Aber dann kam alles anders- ein Infekt, familiäre Belastungen und weitere Faktoren führten dazu, dass ich einen Crash bekam, der lange anhielt und ich mich immer weiter verschlechterte.

Ich habe über Wochen kaum geschlafen und konnte meinen Körper immer weniger einschätzen.
Von jemand, der gerade noch seinen Wiedereinstieg in den Beruf plante wurde ich fast pflegebedürftig.

Durch verschiedene Maßnahmen, Unterstützung durch die Familie und viel Disziplin schaffte ich es aber nach und nach wieder aus dem Tal empor zu steigen. Aber leider nicht mehr wie vor dem Crash.

Seither ist mein Leben mit sehr vielen Einschränkungen verbunden. Jede Aktivität will gut überlegt sein, sonst kann es passieren, dass ich am nächsten Tag mit Gliederschmerzen im Bett liege.
Und mit Aktivität meine ich etwa Duschen, Kochen, an guten Tagen 20-30 Min spazieren gehen, eine Freundin für eine Stunde treffen.

Geburtstagsfeiern, Konzerte etc. sind nur mit guter Planung möglich, da mich zu viele Reize überfordern.
ME/CFS ist eine komplexe, neuroimmunologische Erkrankung, die zwar schon lange existiert, aber jahrelang nicht beachtet, bzw. psychosomatisiert wurde. Forschung hat jahrelang nicht oder nur in geringen Maße stattgefunden.

Es gibt Tage, da freue ich mich über jeden Fortschritt und an den kleinen Dingen des Lebens. Da überwiegen Hoffnung, Zuversicht und Vertrauen, dass ich eines Tages wieder gesund werde. Aber es gibt auch Tage, an denen dies mir nicht gelingt. Da überwiegt die Trauer über die Erkrankung und die damit verbundenen Einschränkungen. Da kommen Erinnerungen hoch an die Vergangenheit, die Sorge darüber wie alles weitergeht, die Trauer und der Schmerz, über das was ich erlebt habe und was ich gerade nicht kann.

Ich habe mittlerweile gelernt, dass beides sein darf.

Ich vermisse es unüberlegte Sachen zu tun, mich sportlich zu betätigen, Tagesausflüge zu machen,Kurztrips, Urlaube, Konzerte zu besuchen, essen zu gehen, im Chor zu singen und nicht zuletzt zu arbeiten.

Und gleichzeitig habe ich durch die Erkrankung vieles über mich selbst gelernt und bin um einiges dankbarer.

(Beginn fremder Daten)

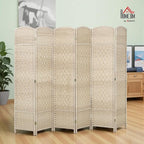 HOMCOM 6 Panel Room Divider, Hand-Woven Freestanding Wall Partition - Image 2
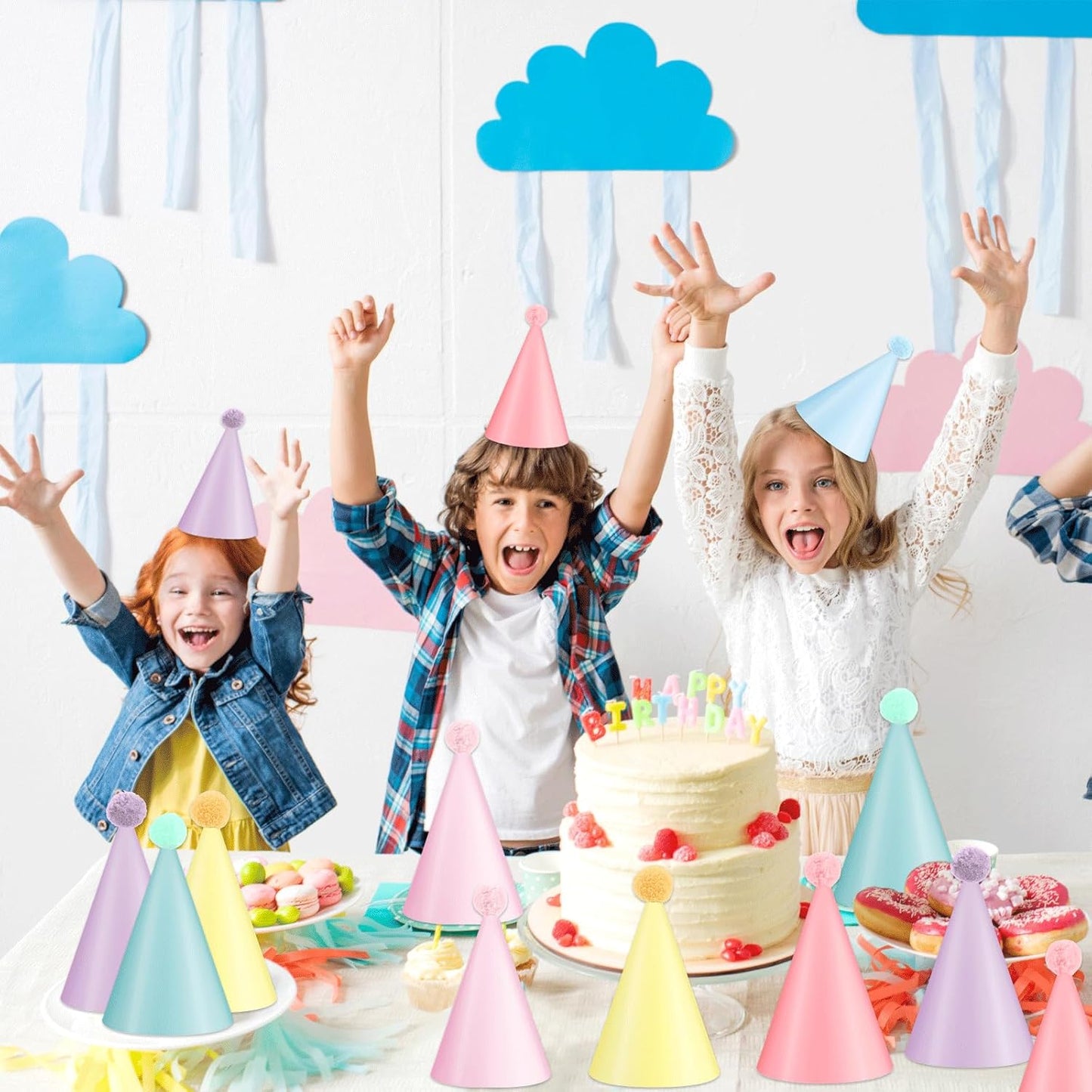 24 PCS Rainbow Party Hats - DIY Assemble Pastel Rainbow Themed Paper Hats Pastel Party Birthday Party Cone Hats Macaron Themed Party Hats for Kids and Adults Birthday, Baby Shower Party Decorations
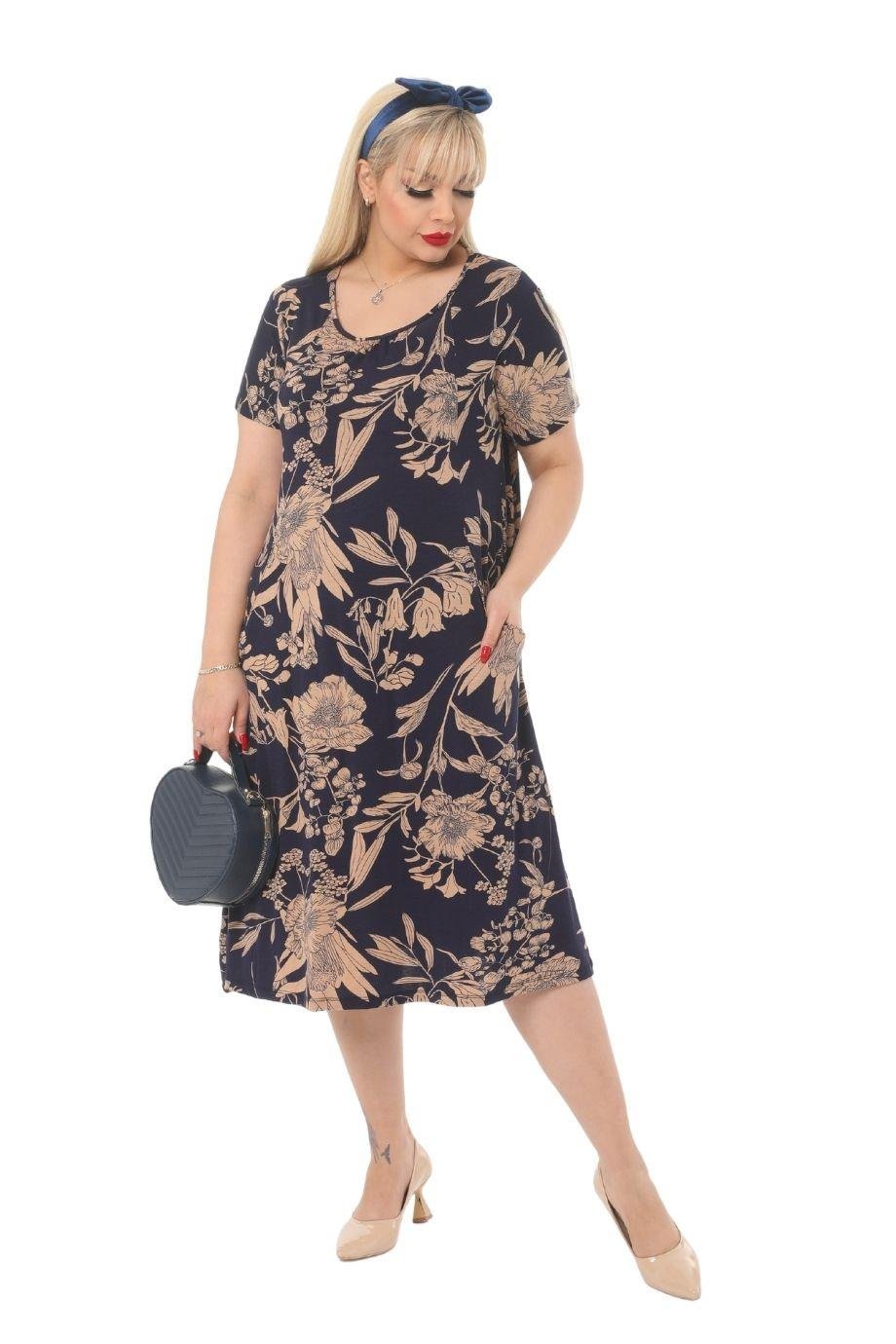 Melsay Butik Lacivert Yaprak Kuplu Cepli Kısa Kol Kadın Midi Elbise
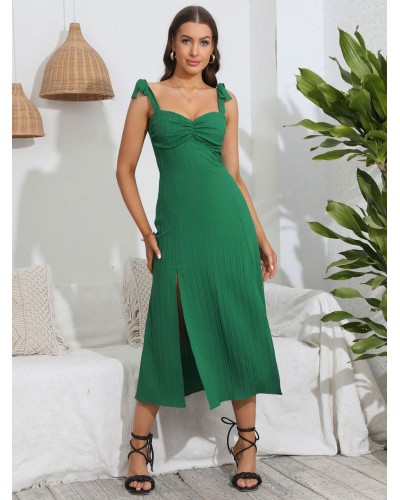 Women Dress Sweetheart Neck Lace Up Backless Green Medium Beach Dress Casual Summer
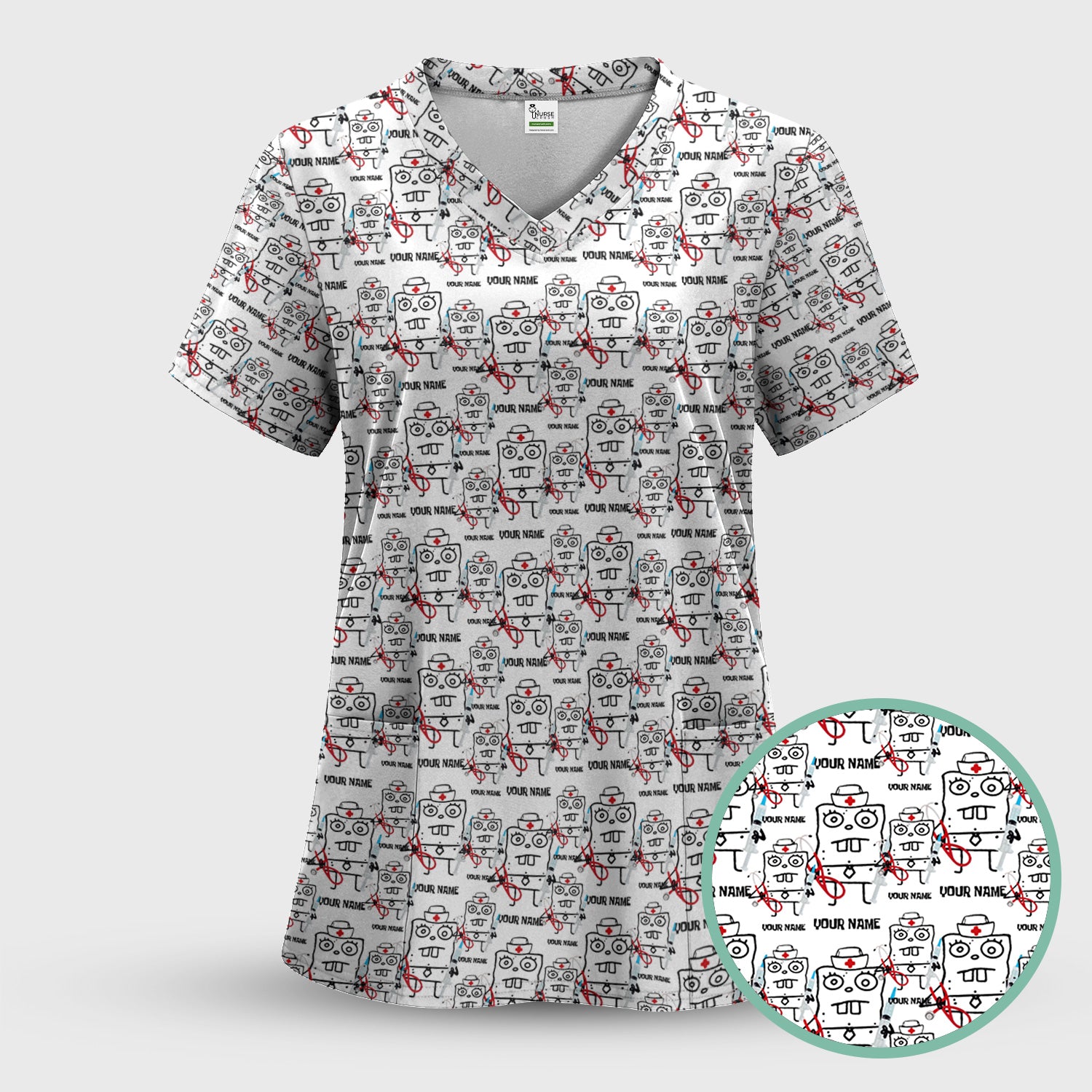 Personalized Doodle Bob Nurse Shirt - Funny Cartoon Medical Graphic Tee - Custom RN MD CNA Healthcare Gift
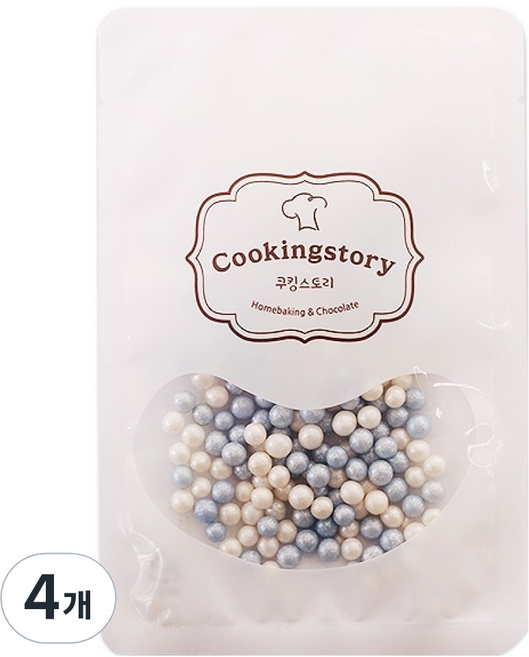 쿠킹스토리 트윙클 펄 블루 푸드컬러 화이트블루 아라잔 스프링클, 15g, 4개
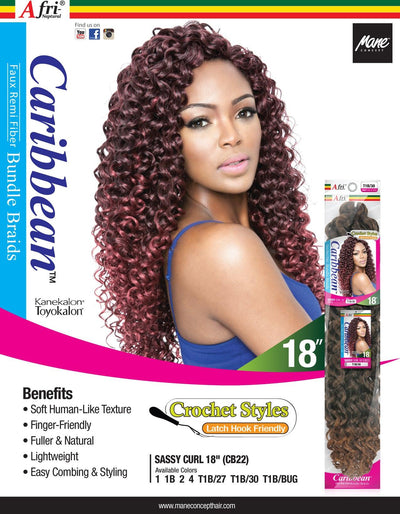 Afri Naptural Mane Concept Caribbean Bundle Crochet Braid Sassy Curl 18" CB22 - Elevate Styles
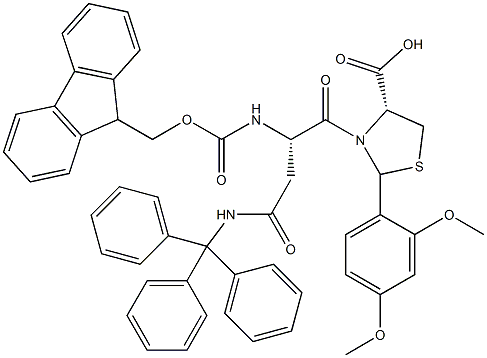 Fmoc-L-Asn(Trt)-L-Cys[PSI(Dmp,H)pro]-OH Struktur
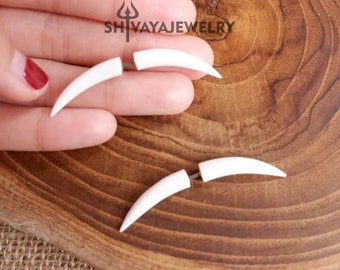 Tribal Fake Gauge Earrings, Bone Post Earrings, Handcarved Earrings, Handmade Jewelry, Bone Accessories.
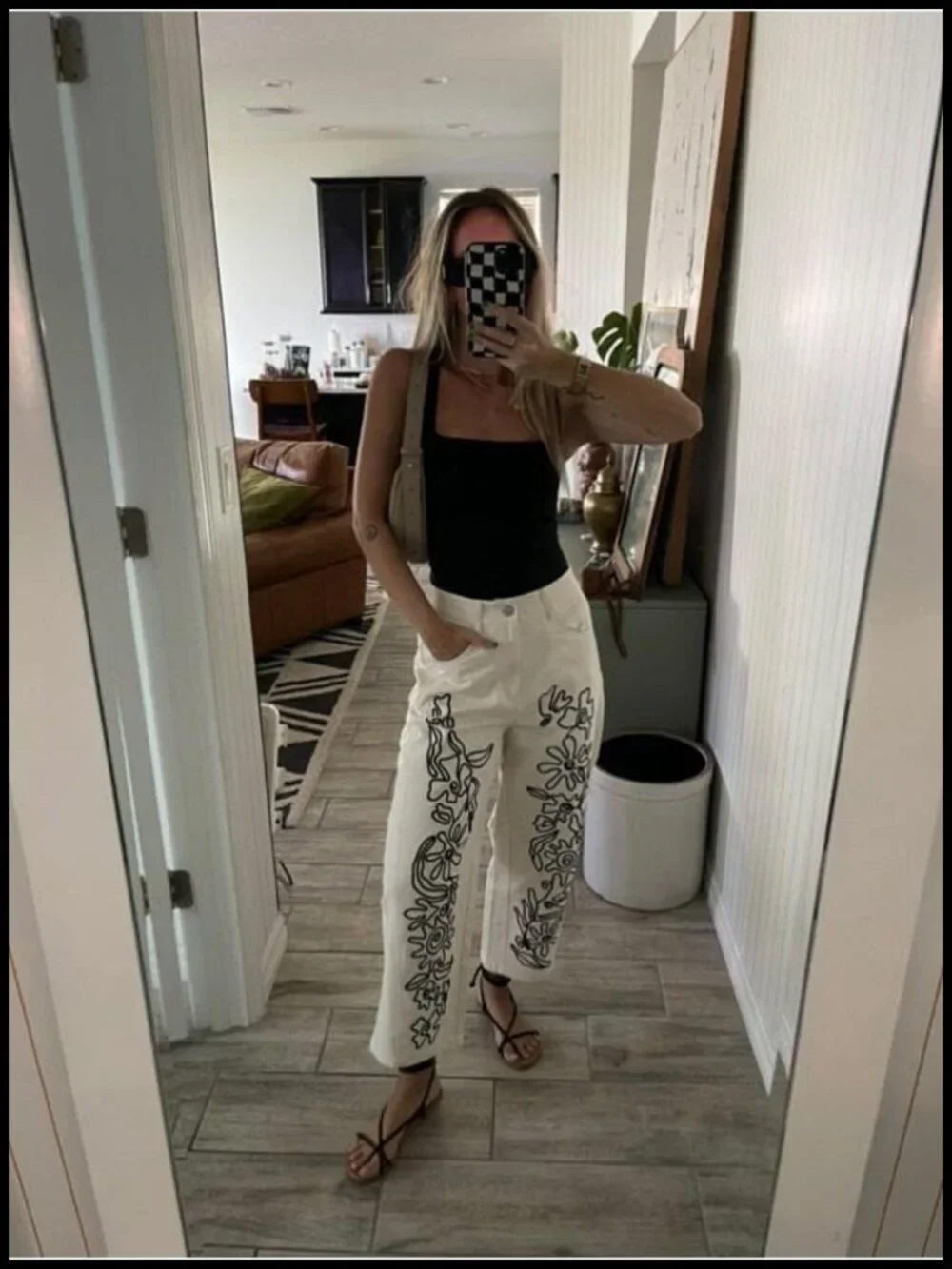 Embroidered Baggy Boyfriend Jeans Barrel Leg Mid Rise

Meine körperlichen Grenzen haben mich gezwungen alte Gewohnheiten und limitierende Glaubenssätze zu hinterfragen.

Ich bin unendlich dankbar für die Unterstützung meiner Familie, meiner Freunde, meines Umfelds und meines Arbeitgebers. Sie zeigen mir immer wieder aufs Neue, dass ich wertvoll bin, so wie ich bin, unabhängig von meiner Erkrankung.

Ich bin gespannt wie mein Weg weitergeht und der Traum von einer guten Zukunft gibt mir Hoffnung.

(Das Bild, das diesen Post illustriert, ist ein Stockfoto. Es zeigt nicht die Autorin.)